So many people come to counselling and find themselves crying uncontrollably, and sometimes inexplicably, during sessions. Often they apologise for this whilst reaching for the inevitable tissue box. But actually this release of emotions is a really helpful sign. Not only is it healthy, as sometimes we need to cry as much as we need to laugh. But it starts us on a journey to find out what is going on emotionally, and more often this is not what the client might think.
People who say “I don’t do anger or confrontation” really mean they don’t do it well, so they avoid it. Dig deeper and ask how they really feel, or more significantly felt, about something traumatic, and they honestly say they don’t know. Dig even deeper and ask how emotions or crises were dealt with when they were growing up at home, and they say they weren’t.
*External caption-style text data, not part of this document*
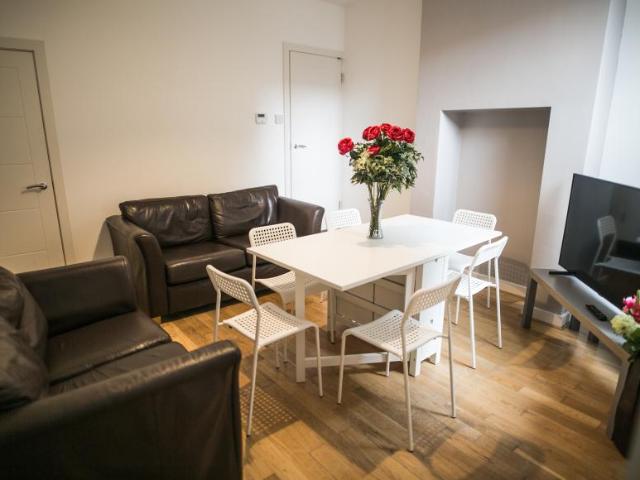 4 Bedroom House Edgbaston West Midlands 99147889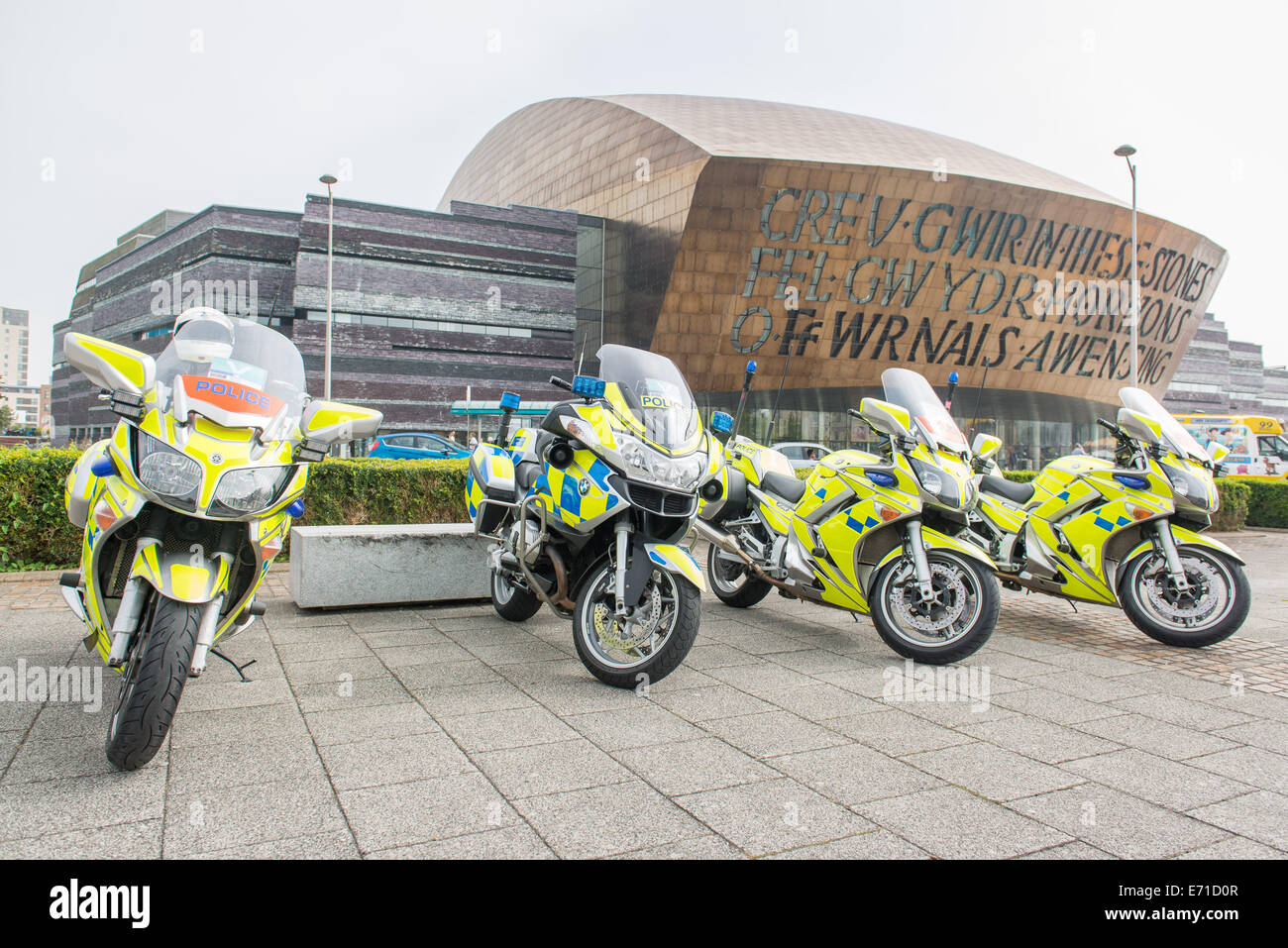 Cardiff, Wales, UK. 3. September 2014.  Vorbereitung des NATO-Gipfels weiter mit einem riesigen Polizeiaufgebot in der Stadt. Polizei Fahrräder außerhalb das Millennium Centre aufgereiht. Bildnachweis: Polly Thomas/Alamy Live-Nachrichten Stockfoto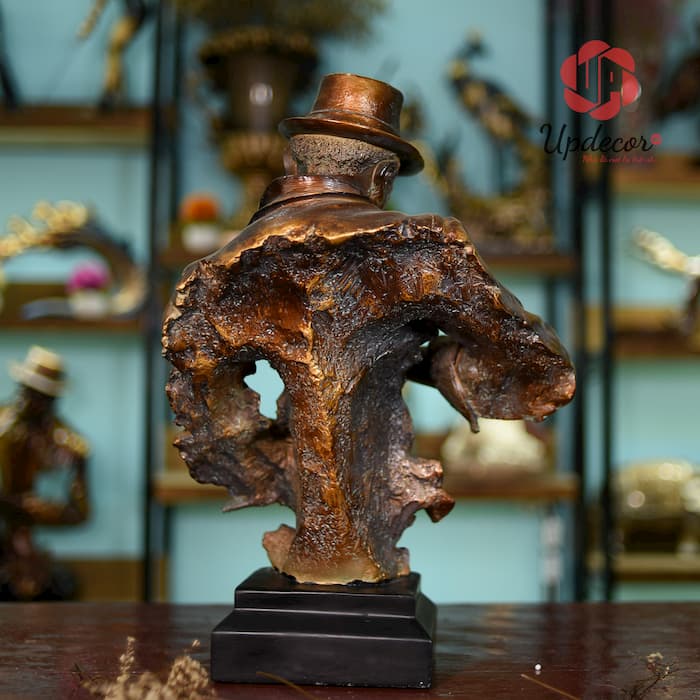 Tượng Nghệ Sĩ Thổi Kèn Clarinet mã UP98 Tượng nghệ sĩ thổi kèn CLARINET Trang Trí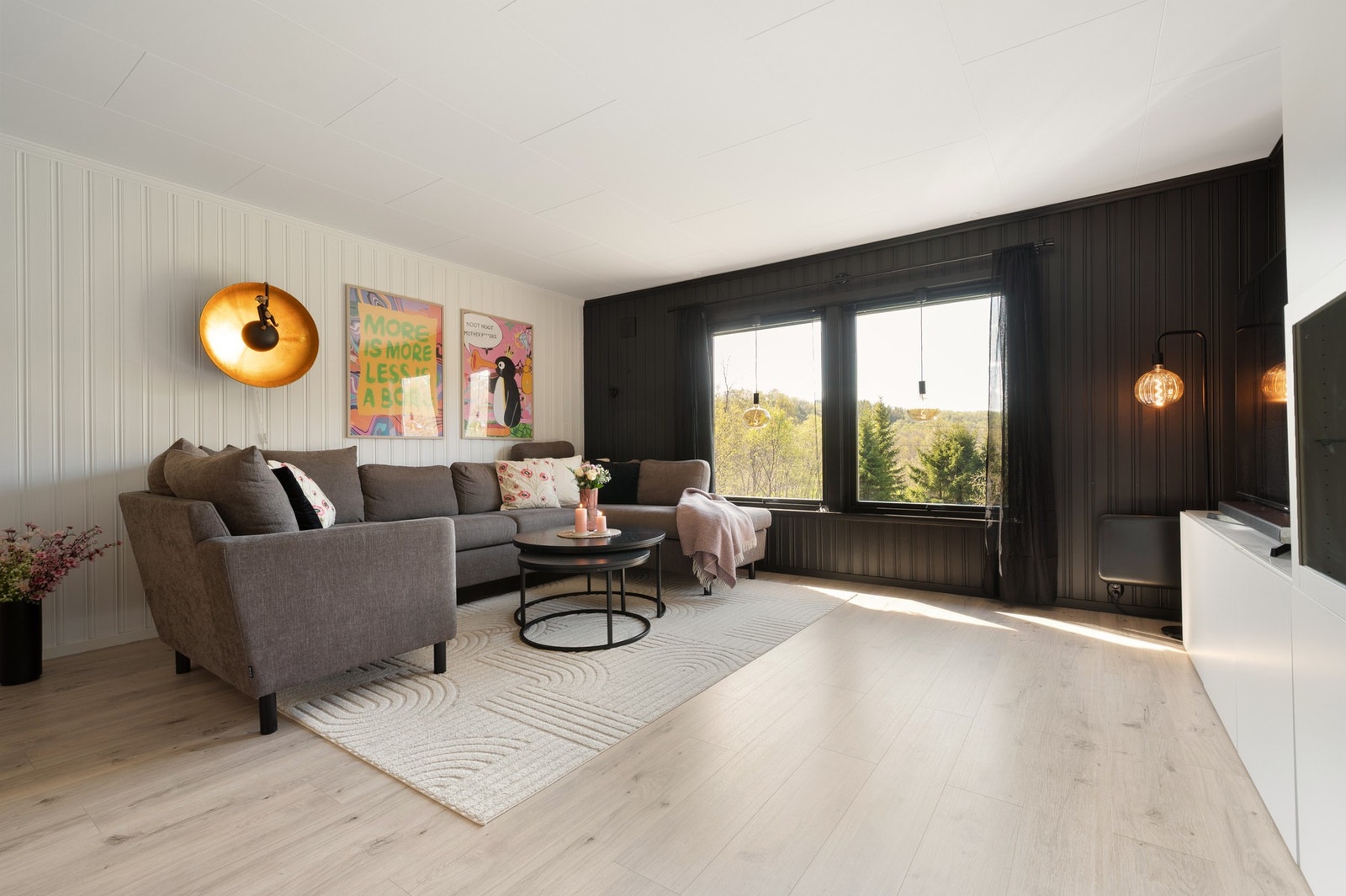 Sofaen er fint plassert ved vinduene med flott utsyn mot hagen og naturomgivelser Galleribilde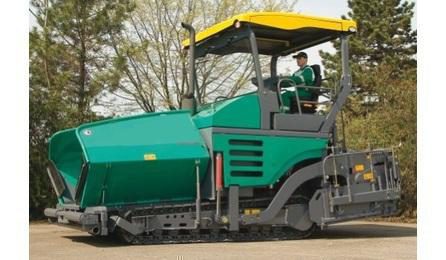 VIBROACABADORA DE ASFALTO SOBRE ESTEIRAS, LARG. PAVIM. MAX. 8,00 M, POT. 100 KW/ 134 HP, CAP. 600 T/ H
Suddenly there’s a pattern emerging and yet so many people fail to see it in themselves or make the connections.
We are all bundles of complex, confusing and sometimes downright frightening emotions. We are left without any instruction manual or formal training and expected to work out how to interpret and regulate them, so ideally they enrich our lives without overwhelming us. In other words work with them, not deny them. But for a whole host of reasons this can sometimes just be too difficult or too much. So we repress the difficult emotions whilst constantly expecting the more positive ones. We deny anger, jealousy, rage, guilt, loss and constantly wonder why we don’t feel happy
This may make life manageable, but repressed emotions don’t go away, they just lurk and pop out at inappropriate times. Hence the inexplicable crying, the panic attack or the outburst of inappropriate hysterical laughter. They don’t go away unless they are explored, communicated and better understood.
Ideally they need exploring in a safe and controlled environment, such as counselling. This will help develop self-awareness, challenge dysfunctional behaviours, tackle underlying issues such as anxiety and increase our chances of being happy!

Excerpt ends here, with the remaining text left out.